Merchant access

Klasha News

May 26, 2022

TechCabal - Inside Klasha’s mission to help 5,000 global retailers sell and ship to Africa

It’s a Tuesday afternoon in the first week of May, the eve of Klasha’s public launch. Jessica Anuna is showing me a demo of a customer adding items to a cart in an online store, filling in billing details and paying through Klasha. 

A few seconds later, her phone beeps with an email notification that her demo order has been placed, with a receipt attached for proof.

Anuna exudes the relief and excitement of a founder and CEO who has built an e-commerce payments product from scratch after nearly three years. Klasha is her solution for global merchants looking to serve Africa’s increasingly digitally native consumers. 
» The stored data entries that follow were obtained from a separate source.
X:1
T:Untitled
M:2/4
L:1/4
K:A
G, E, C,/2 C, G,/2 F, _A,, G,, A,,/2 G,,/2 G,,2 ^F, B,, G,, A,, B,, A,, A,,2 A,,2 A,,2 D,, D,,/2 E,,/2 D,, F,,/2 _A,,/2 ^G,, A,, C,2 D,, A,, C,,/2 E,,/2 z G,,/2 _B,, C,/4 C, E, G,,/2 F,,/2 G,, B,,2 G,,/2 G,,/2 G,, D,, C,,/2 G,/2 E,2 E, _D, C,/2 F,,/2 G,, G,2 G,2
“With Klasha, merchants would not have to open individual country stores. They can now make their existing global e-commerce stores Africa friendly,” Anuna says.

The business case

Opening individual country stores is a secondary headache. For merchants who want to sell in Africa, the first problem is setting up country-by-country payment connections. 

To do this well, these merchants have to be present on the ground and do some dreary work, like managing currency conversions themselves.
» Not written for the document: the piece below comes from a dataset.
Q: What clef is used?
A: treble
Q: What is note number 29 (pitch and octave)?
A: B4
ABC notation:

Klasha Checkout essentially absorbs all of that responsibility into one payment gateway. Hear Anuna explain how Klasha manages exchange rate fluctuations:

“At the time the customer pays for the item, the exchange rate is locked in. That way, we are able to remit the equivalent value to the merchant. In the merchant’s dashboard, they can opt to pay themselves out at different exchange rates.”

But in addition to payments, Klasha’s e-commerce feature includes a logistics service. This service is built to convince high-growth brands, doing above $20 million in gross merchandise value, that Africa is a destination to take seriously. 

Her pitch is that when a merchant sets up a Klasha Checkout option on their website, Africans will more readily purchase items in their local currencies. Ghanaians pay with mobile money. Kenyans pay with M-Pesa. Nigerians can pay with Naira bank cards.